[Date Prev][Date Next][Thread Prev][Thread Next][Date Index][Thread Index]
Re: [Qemu-devel] [RFC PATCH V7 00/19] Multithread TCG.
From: |
Alex Bennée |
Subject: |
Re: [Qemu-devel] [RFC PATCH V7 00/19] Multithread TCG. |
Date: |
Mon, 10 Aug 2015 19:34:22 +0100 |
address@hidden writes:
> From: KONRAD Frederic <address@hidden>
>
> This is the 7th round of the MTTCG patch series.
>
>
> It can be cloned from:
> address@hidden:fkonrad/mttcg.git branch multi_tcg_v7.

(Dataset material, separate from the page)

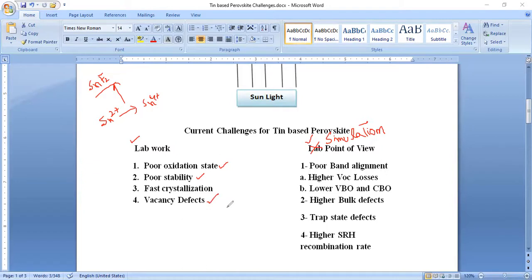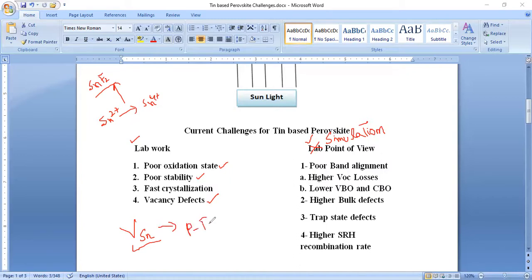Due to poor oxidation state, poor stability, and fast crystallization, tin-based perovskite also suffers from Sn vacancy defects. When we have more defects, poor stability, and poor oxidation state, the tin perovskite behaves like a p-type dopant, which produces more degradation in performance parameters and optoelectrical properties. For solutions, we can use antioxidative additives to suppress the oxidation state and apply compositional engineering — placing larger cations to improve stability and crystallinity.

I'm not seeing this yet, did you remember to push?
>
> This patch-set try to address the different issues in the global picture of
> MTTCG, presented on the wiki.
>
> == Needed patch for our work ==
>
> Some preliminaries are needed for our work:
> * current_cpu doesn't make sense in mttcg so a tcg_executing flag is added to
> the CPUState.
> * We need to run some work safely when all VCPUs are outside their execution
> loop. This is done with the async_run_safe_work_on_cpu function introduced
> in this series.
> * QemuSpin lock is introduced (on posix only yet) to allow a faster handling
> of
> atomic instruction.
>
> == Code generation and cache ==
>
> As Qemu stands, there is no protection at all against two threads attempting
> to
> generate code at the same time or modifying a TranslationBlock.

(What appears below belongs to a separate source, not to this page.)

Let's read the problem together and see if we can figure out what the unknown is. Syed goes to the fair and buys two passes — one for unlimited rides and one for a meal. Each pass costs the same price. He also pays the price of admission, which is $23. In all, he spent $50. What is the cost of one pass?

> The "protect TBContext with tb_lock" patch address the issue of code
> generation
> and makes all the tb_* function thread safe (except tb_flush).

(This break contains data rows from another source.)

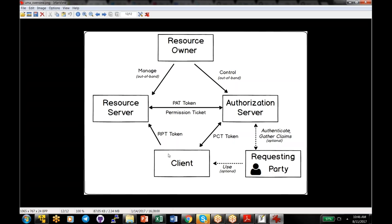The one complexity for the client is that when requesting a token, if you get back a 'needs info' error, you may have to redirect the user's browser to the claims gathering endpoint. That is the responsibility of the client.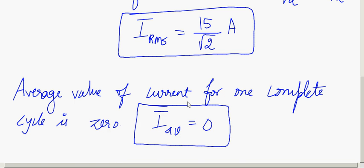Hope you understood average and RMS value. In the coming class we will see what is phase and phase difference, which is also important.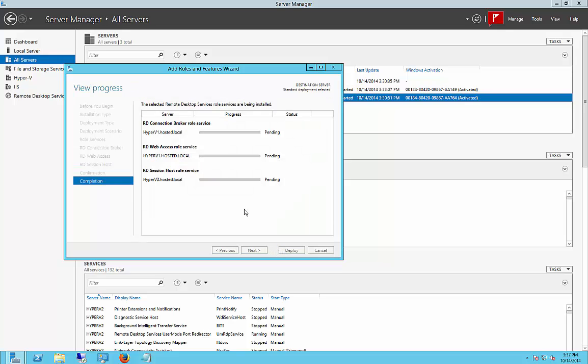So this is happening to a separate server from our main server. So we're pushing this out to our other server. And after that server is done, it will go ahead and reboot, and we'll be able to get into the Remote Desktop Services at that point.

> This raised the question of one or multiple caches. We choosed to use one
> unified cache because it's easier as a first step and since the structure of
> QEMU effectively has a ‘local’ cache per CPU in the form of the jump cache, we
> don't see the benefit of having two pools of tbs.
>
> == Dirty tracking ==
>
> Protecting the IOs:
> To allows all VCPUs threads to run at the same time we need to drop the
> global_mutex as soon as possible. The io access need to take the mutex. This
> is
> likely to change when http://thread.gmane.org/gmane.comp.emulators.qemu/345258
> will be upstreamed.
>
> Invalidation of TranslationBlocks:
> We can have all VCPUs running during an invalidation. Each VCPU is able to
> clean
> it's jump cache itself as it is in CPUState so that can be handled by a simple
> call to async_run_on_cpu. However tb_invalidate also writes to the
> TranslationBlock which is shared as we have only one pool.
> Hence this part of invalidate requires all VCPUs to exit before it can be
> done.
> Hence the async_run_safe_work_on_cpu is introduced to handle this case.
>
> == Atomic instruction ==
>
> For now only ARM on x64 is supported by using an cmpxchg instruction.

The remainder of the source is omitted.